The purpose of this module is to implement two clustering algorithms (k-means, DBScan) on the feature vectors generated in lab 1. This module is built on the preprocessing module that sanitized a set of SGML documents representing a Reuters article database into a dataset of feature vectors and class labels. The results of the clustering algorithms will be employed in future assignments for automated categorization, similarity search, and building document graphs.

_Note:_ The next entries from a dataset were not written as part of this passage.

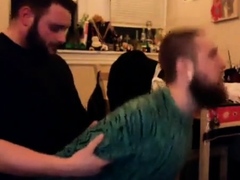 Bearded Bareback Amateur Bangs Hard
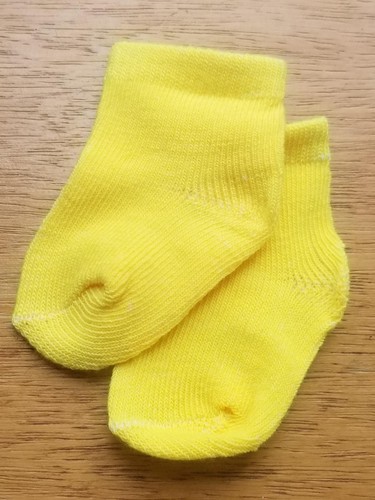 Chaussettes jaune poupon - chaussettes,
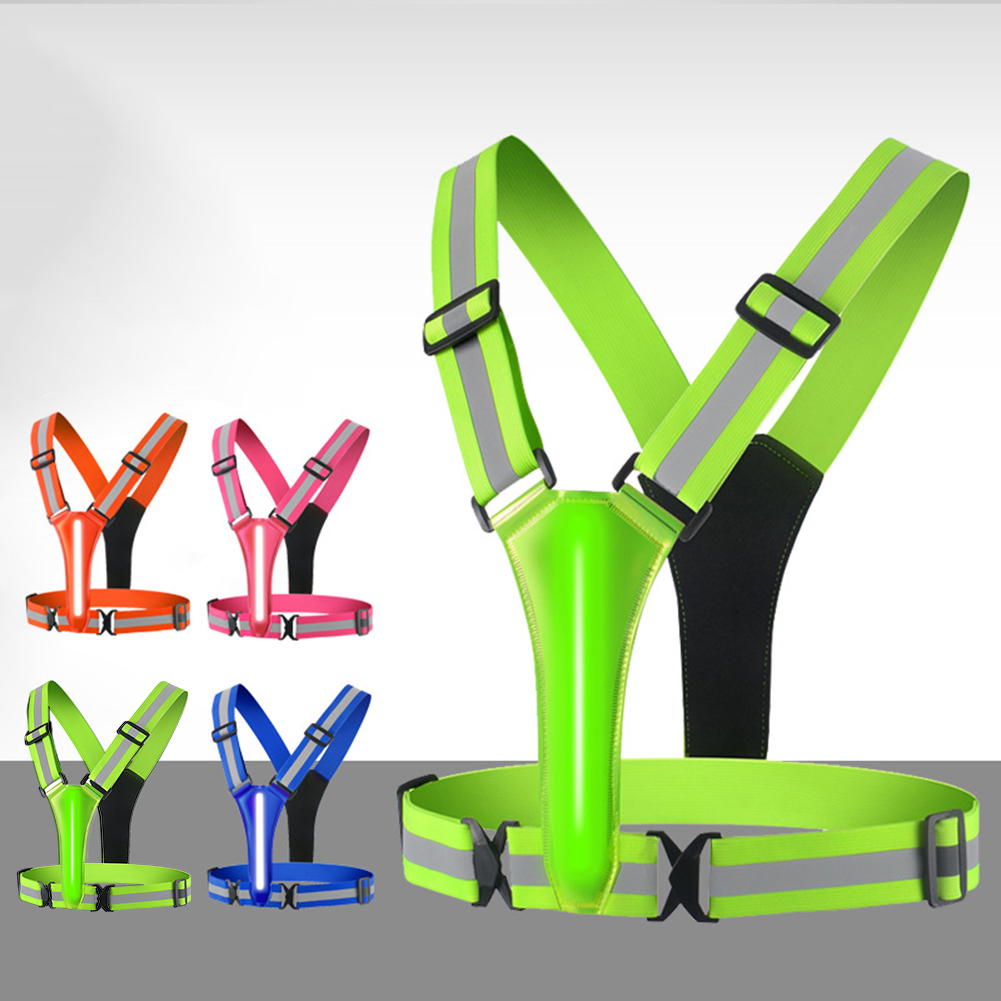 Cycling Gear Clothing - Жилет светодиодный Светоотражающий с зарядкой от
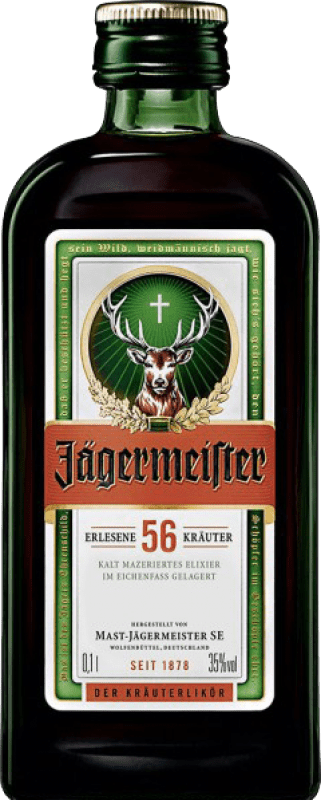 35,95 € Free Shipping | 12 units box Herbal liqueur Mast Jägermeister Germany Miniature Bottle 10 cl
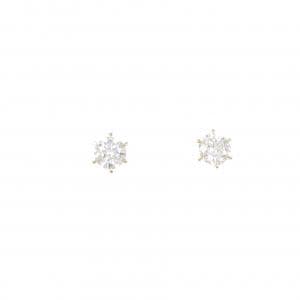 【リメイク】K18YG/ST ダイヤモンド ピアス 0.309CT 0.336CT H SI2 EXT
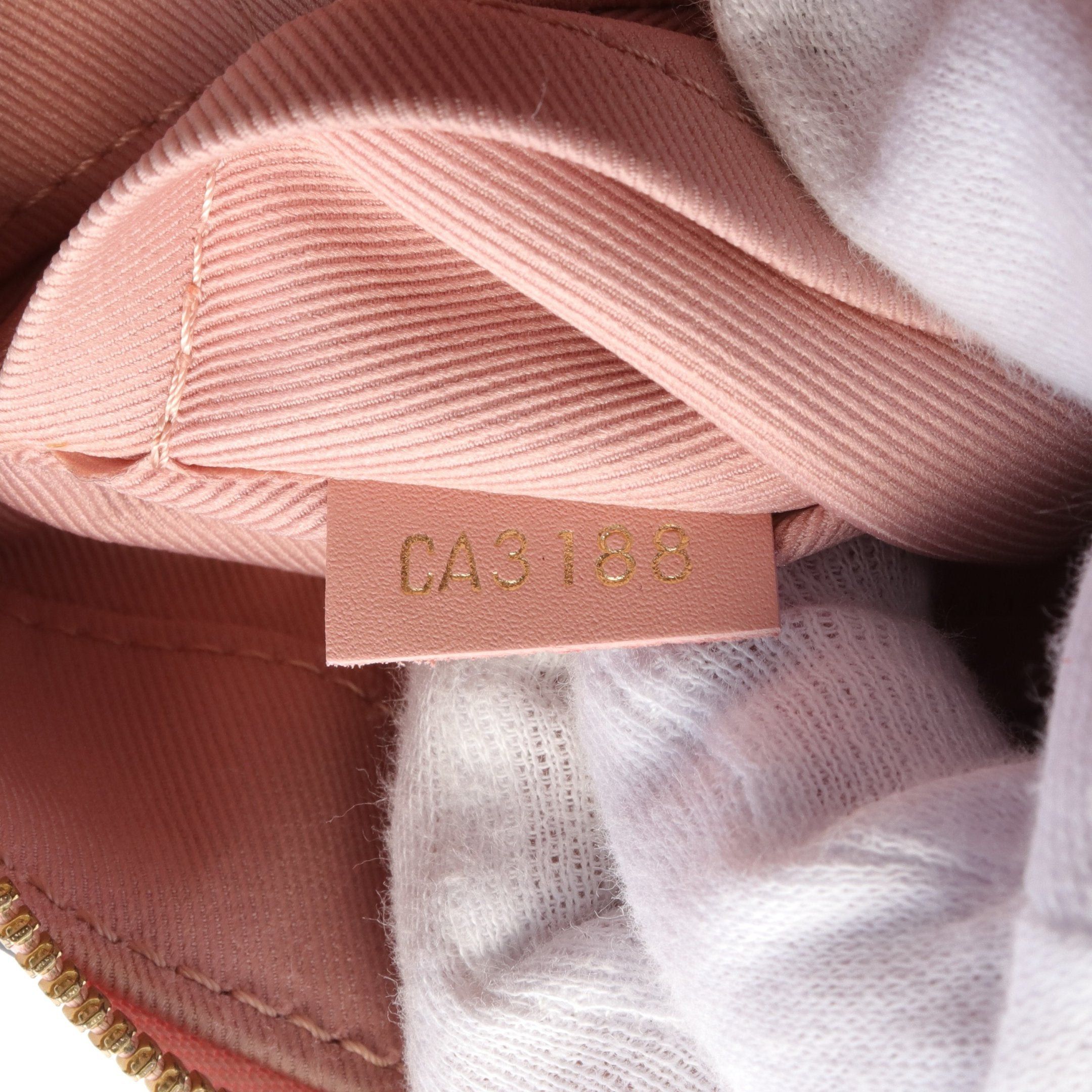 Louis Vuitton Saintonge Monogram Rose Poodle Shoulder Bag Leather Brown Pink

This python module contains the following files and directories:
- lab2.py - main module for KDD process
- preprocessing/
- __init__.py
- preprocessing.py - module for preprocessing the Reuters article database
- document/
- __init__.py
- document.py - sub-module for text extraction & tokenization of document objects
- lexicon/
- __init__.py
- lexicon.py - sub-module for generating the title/body lexicon for document set
- feature/
- __init__.py
- feature.py - sub-module for generating feature vector datasets
- weighting.py - sub-module for computing tf-idf scores
- featureselect.py - sub-module for feature selection/reduction
- classification/ directory included but not used in lab
- __init__.py
- classification.py - module for classification of the feature vector datasets
- crossvalidator/
- __init__.py
- crossvalidator.py - submodule containing functionality for cross validation
- classifiers
- __init__.py
- knearestneighbor.py - submodule for brute force knn classification
- knearestneighbor_balltree.py - submodule for ball tree knn classification
- decisiontree.py - submodule for decision tree classification
- bayesian.py - submodule for multinomial naive bayes classification
- clustering/
- __init__.py
- clustering.py - module for clustering Reuters Article database
- algorithm/
- __init__.py
- kmeans.py
- dbscan.py
- data/
- reut2-xxx.sgm - formatted articles (replace xxx from {000,...,021})
The preprocessing.py
file will generate the following files
- dataset1.csv - regular feature vector set
- dataset2.csv - pared down version of feature vector in dataset1.csv
The feature vectors in the datasets were generated using the following methodologies
- TF-IDF of title & body words to select the top 5 words of each document features
- Feature reduction process of paring down original feature vector to 10% original size
Potential additional to future iterations of feature vector generation:
- different normalization
- bigram/trigram/n-gram aggregation
- stratified sampling: starting letter, stem, etc.
- binning: equal-width & equal-depth (grouping by topics/places, part-of-speech, etc)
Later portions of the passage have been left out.